The Big Sleep by Raymond Chandler
The image of film noir is burned into the minds of millions because it is such a distinctive movie genre -- the look, all dark shadows and bizarre angles; the feel, tough and more likely to hit the streets than waltz with the upper crust; and the sheer energy, moving along to get through a tangled web of lies, murder, sex and corruption. But it wasn't the movies that came up with this, of course. The stories that changed the face of crime fiction the world over sprung from the minds of authors like Dashiell Hammett, James M. Cain and Raymond Chandler, whose character, Philip Marlowe, is practically a god of American crime fiction.
The Big Sleep starts simple, as many crime stories do. Marlowe, a private detective, is hired by General Sternwood to uncover the source of a blackmail note and to get the blackmailer off Sternwood's tail. While investigating, Marlowe discovers an entirely different racket going on -- a pornography dealership. The scheme behind this leads Marlowe down a trail littered with double- and triple-crosses and more than a few corpses.
Chandler's story is infamously complex (one murder is left unsolved because even Chandler himself didn't know who committed it), but it's about much more than the "Whodunit?" at the end. (I would actually argue that the outcome of the mystery is sort of unsatisfying.) Of much more importance is how Marlowe wades his way through the crime to its conclusion.

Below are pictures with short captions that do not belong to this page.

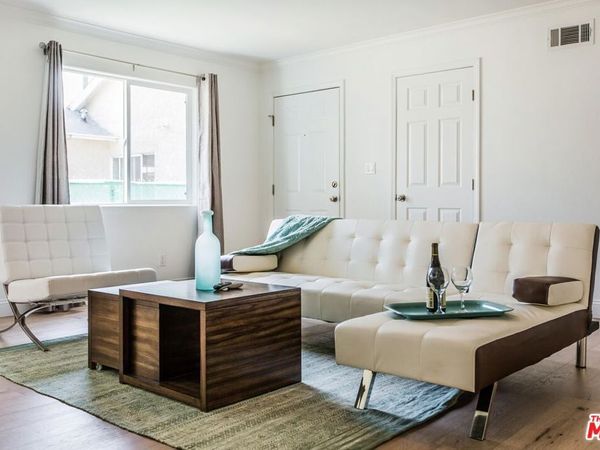 2741 S Palm Grove Avenue, Los Angeles, CA 90016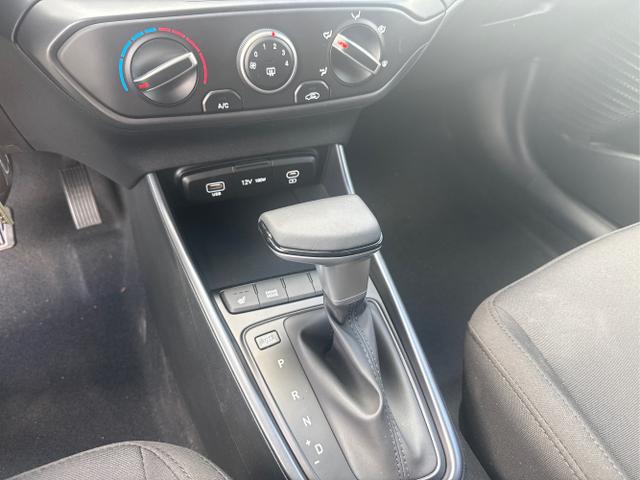 Hyundai / i20 / Grau /  /  / 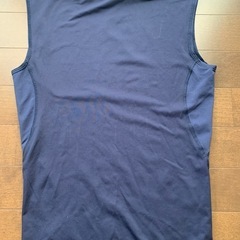 UNDER ARMOUR メンズシャツ
の画像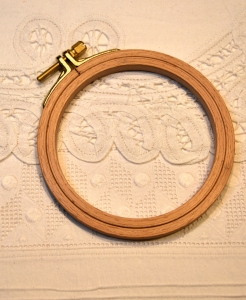 Tambour à broder N°1   10 cm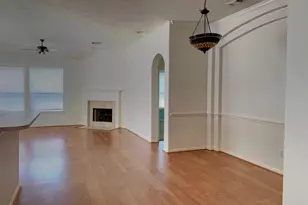 18207 Linden Forest Ln, Katy, TX 77449 - Photo 12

Marlowe deals with the police, with shady criminals and with General Sternwood's two bizarre daughters, Carmen and Vivian. Reading the way the crime unfolds and how all these characters fit in with each other is much more entertaining than the actual mystery itself. Marlowe might not always solve a crime to his satisfaction, but he sure as hell knows how to investigate it.

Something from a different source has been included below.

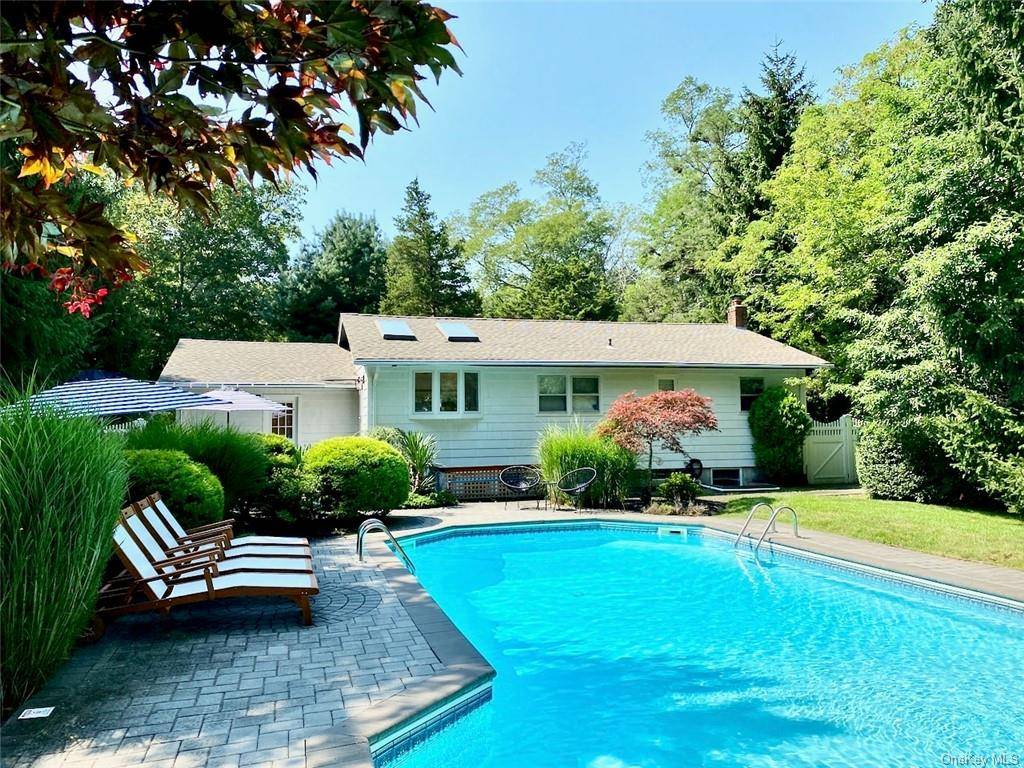 This stylishly decorated ranch home in Springs, NY, is move in ready for your summer in The Hamptons.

And he does it with such style. This is the kind of writing I love -- it's direct and to the point, but the way the language is used gives it such a wonderful voice. Marlowe is a tough guy; however, he's not averse to cracking wise every now and then in a show of bravado. And, in particular moments, he just seems to go crazy for the hell of it. Marlowe's personality lives and breathes through the writing. He's written about as well as a character can be.
When people think of these pulp detective novels, one thing that comes to mind immediately is the dialogue. These people are mainly of the streets, and they have a particular way of communicating that is captured so well. The characters may not always be intelligent, but they have their special brand of wit that allows them to duel with anyone in the field of speaking. It's a way of toughening oneself up to match the hard nature of life on the streets. Nimble thinkers live longer than the slow.

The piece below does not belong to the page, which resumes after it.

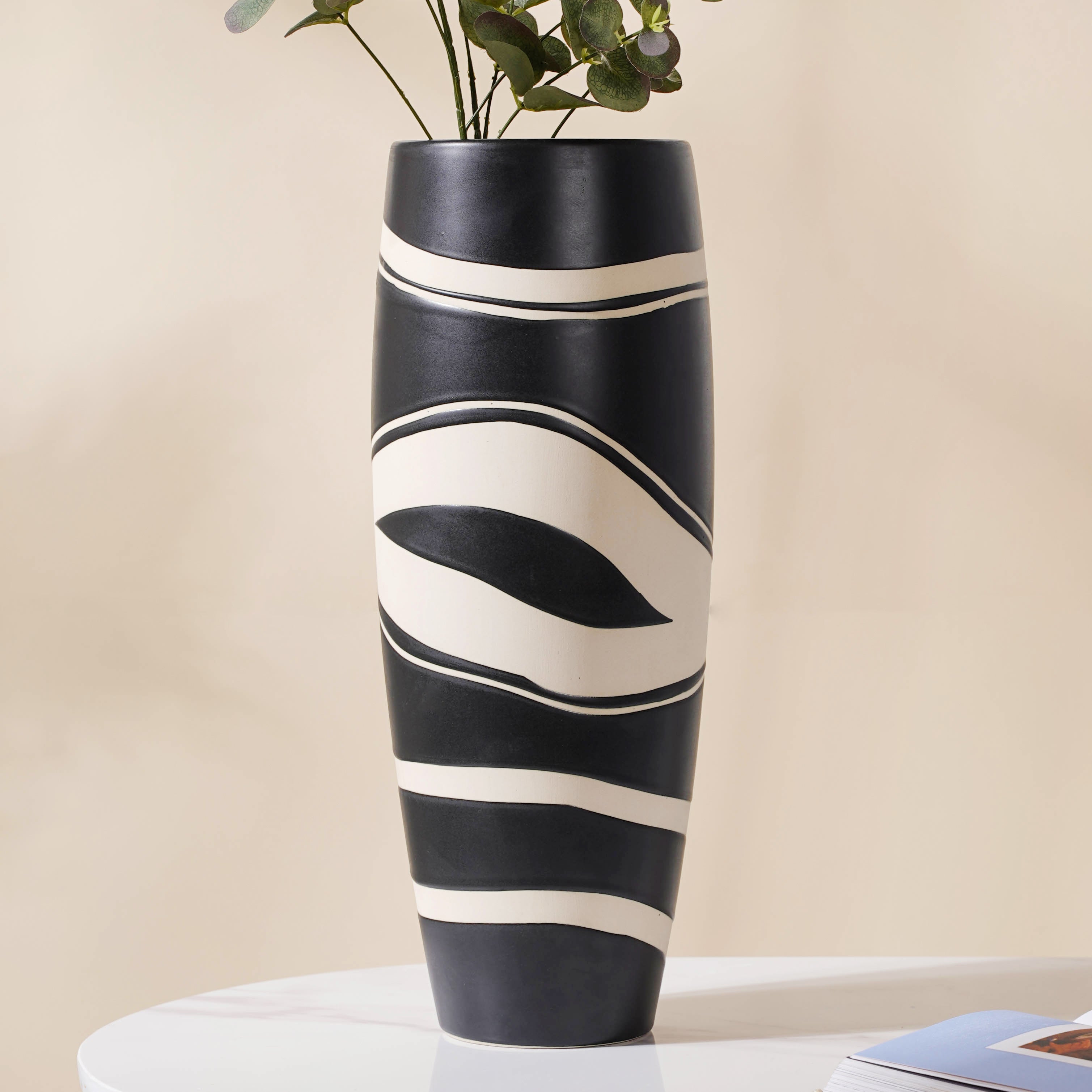 Black and White Flower Vase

Modern crime fiction owes a tremendous debt to Raymond Chandler -- The Big Sleep is a massive part of the detective novel's current template, and if you see a show with a detective satire episode, it's more than likely a few of the cliches came from Chandler's pen. This is far from a bundle of cliches, though. The pure energy exuded by the writing is something that's pretty damn special. Chandler was a gifted writer. The Big Sleep is proof of that.